Starożytne Stegadony są największymi i najbardziej morderczymi przedstawicielami swojego gatunku. Z biegiem lat, ich skóra staje się grubsza, rogi większe, a pozycja w stadzie bardziej dominująca. Zachowanie niektórych Stegadonów przestaje być nawet wybuchowe. Na ich grzbietach przejeździło już tyle różnych oddziałów Skinków, że bestie zdążyły przyzwyczaić się do ciągłej zmiany opiekunów. Każda załoga traktuje swojego Stegadona ze wszelkimi honorami, a najstarsze osobniki są obdarzane szczególnym rodzajem czci. Wiele załóg wbija w skórę swojej bestii złotą lub brązową płytę pokrytą runami. Ma to głównie na celu oznaczenie jej statusu, lecz zapewnia także dodatkową ochronę. Najstarszym osobnikiom zakłada się na głowę specjalnie wzmocnioną maskę, a liczne rogi przyozdabia się pięknymi bransoletami oraz ostrymi, metalowymi końcówkami.
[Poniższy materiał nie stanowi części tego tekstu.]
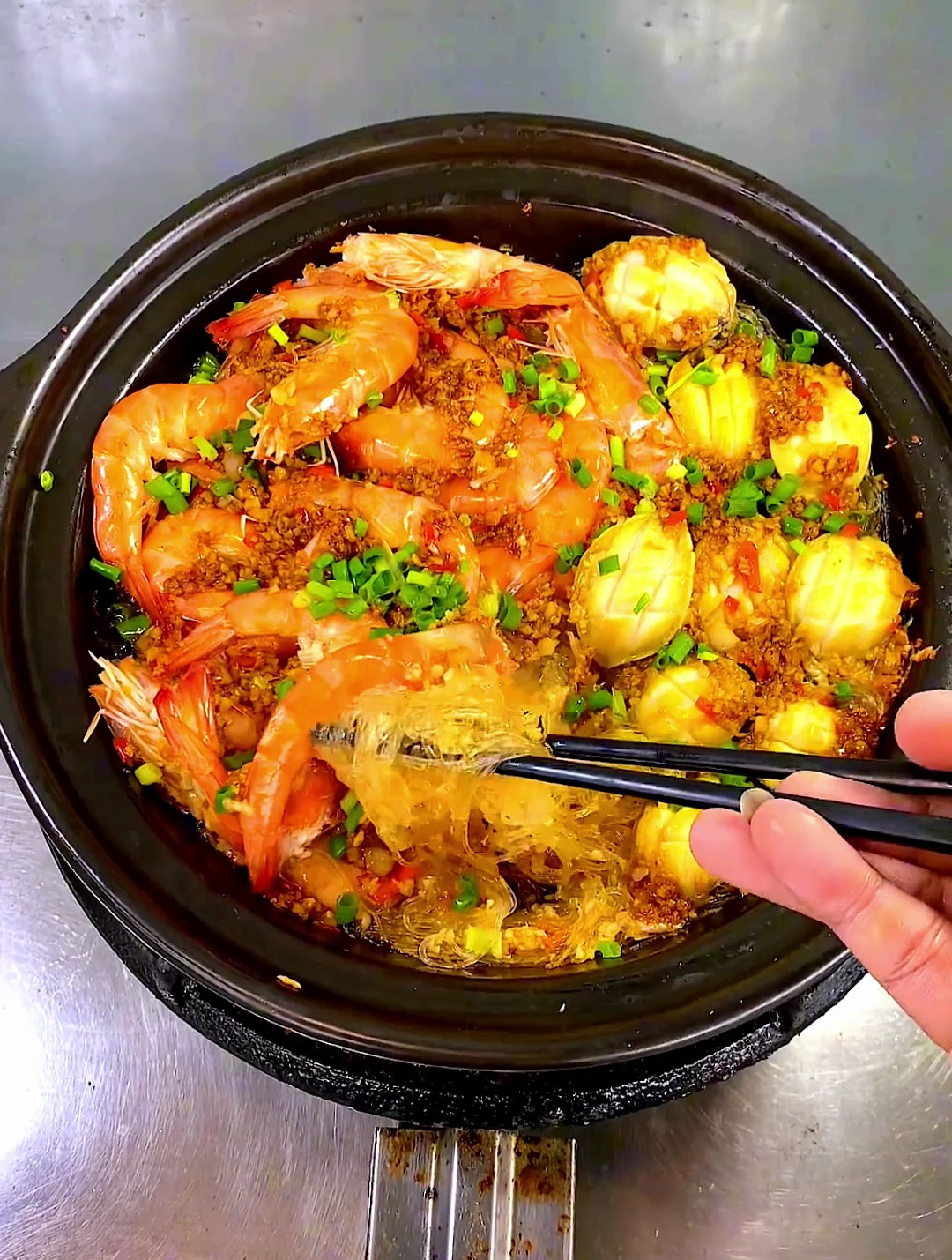 蒜蓉鲍鱼鲜虾粉丝煲.太香了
Gdy Starożytne Stegadony idą na wojnę, często niosą na swoich grzbietach wyrzutnie dmuchawek. Działa te wystrzeliwują w powietrze chmarę pocisków, które rozdzielają się w locie, by zalać przeciwnika deszczem zatrutych strzałek. Skinkowie nazywają tę przerażającą broń „Żądłem Soteka”. Najstarsze Stegadony osiągnęły siłę i posłuszeństwo, które sprawiają, że pozwala się im nosić starożytne artefakty, znane jako Maszyny Bogów. Jeśli jaszczuroludzie posiadali kiedykolwiek wiedzę o tym, jak je zbudować, to już dawno ją utracili. Nie zapomnieli jednak, jak je aktywować. Gdy runy zostaną naciśnięte w odpowiedniej kolejności, artefakt wypełni się magicznymi energiami.
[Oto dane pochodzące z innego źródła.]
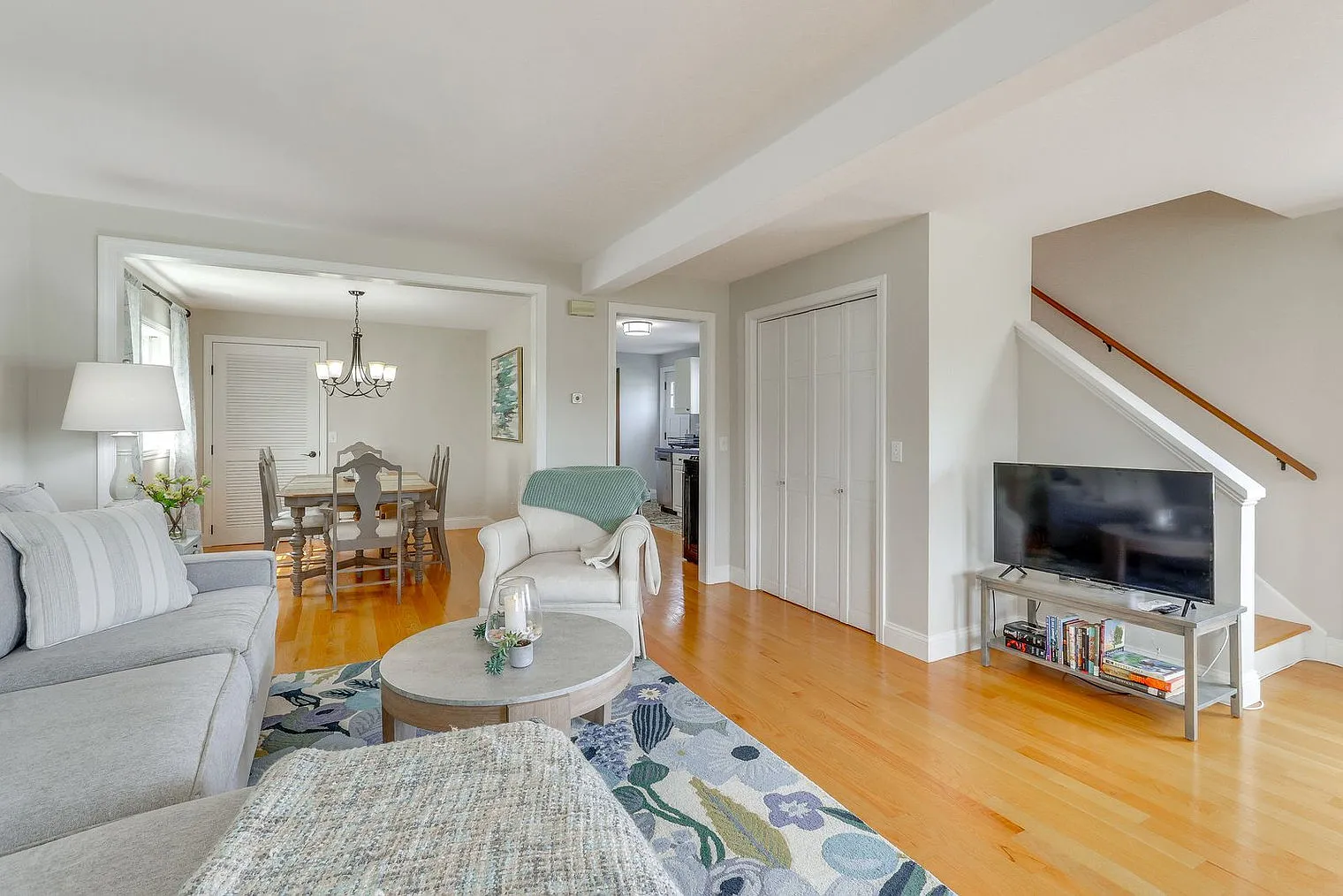 4 bed, 1.0 bath, 1517 sqft, $9,257 — Photo 1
Maszyny Bogów mają tajemnicze właściwości. Mogą chronić oddziały jaszczuroludzi przed atakami lub wysyłać promienie, niszczące całe zastępy wrogów. Są w stanie nawet przefiltrować Wiatry Magii tak, by rzucanie zaklęć w pobliżu artefaktu stało się łatwiejsze. Istnieje tylko kilka Maszyn Bogów. Są one ukryte w skarbcach świątynnych i rzadko wyciągane. Czasami służą do ochrony najważniejszych kapłanów Skinków podczas podróży, lecz najczęściej używa się ich w trakcie wojny. Pierwszym jaszczuroczłekiem, który użył Maszyny Bogów, był Tehenhauin, kapłan Soteka. W trakcie Oblężenia Quetzy, zebrał on swoich wiernych i uciekł z nimi do dżungli. Cała grupa powróciła po trzech dniach. Wszyscy ujeżdzali Starożytne Stegadony, na których grzbietach spoczywały Maszyny Bogów. Dzięki ich wsparciu, jaszczuroludzie błyskawicznie pokonali skavenów. Od tamtego czasu, Maszyn Bogów używa się tylko wtedy, gdy jest to niezbędne, gdyż artefakty te są pozostałością po Pradawnych, a ich utrata może nieodwracalnie zaszkodzić Wielkiemu Planowi Jaszczuroludźi.